Marc McCollom Designs Modern Homes with Precision and Insight

Dallas and Texas Architect

Architect Marc McCollom excels in quiet modernism. Architecture that is modern, clean and current, but not flashy or loud. Marc McCollom trained with two of the great modern architects in Dallas, Frank Welch and Max Levy, who are great friends and who share a sensitivity for design that Marc McCollom, AIA, responds to and reflects in his work.


Example of Homes Architect Marc McCollom Designed

House of Three Rooms

The House of Three Rooms is an architectural project that I admire and Marc shared how he approached this modern home. Marc McCollom: I designed it to be gracious, with generously scaled spaces that were cleanly composed and clearly organized.


Modern Residence by Marc McCollom

This modern home designed by architect Marc McCollom is one of my favorites. Located in the Winding Lake neighborhood of Preston Hollow, the home is beautifully sited to view the lake and nature through the open sightlines of this modern residence.

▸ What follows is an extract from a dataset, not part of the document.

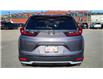 2020 Honda CR-V LX (Stk: TL2441) in Saint John - Image 5 of 12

Conversation with Marc McCollom, AIA

In a conversation I had with Marc, here are some of his thoughts that help illuminate his work and why his clients are so appreciative of his design and approach.

Like Marc, I was raised in Illinois and my grandfather was a farmer, so I was personally interested in Marc McCollom’s early years and the influences from those years.

House of Three Rooms
House of Three Rooms

Marc McCollom: I was born and raised in the small town of Villa Grove, Illinois. And even though most of the state is farmland, this particular part of Douglas County is especially flat. I remember looking out the window at night and seeing the lights of distant farms randomly spaced on the horizon. To this day I have a strong connection to the open landscape.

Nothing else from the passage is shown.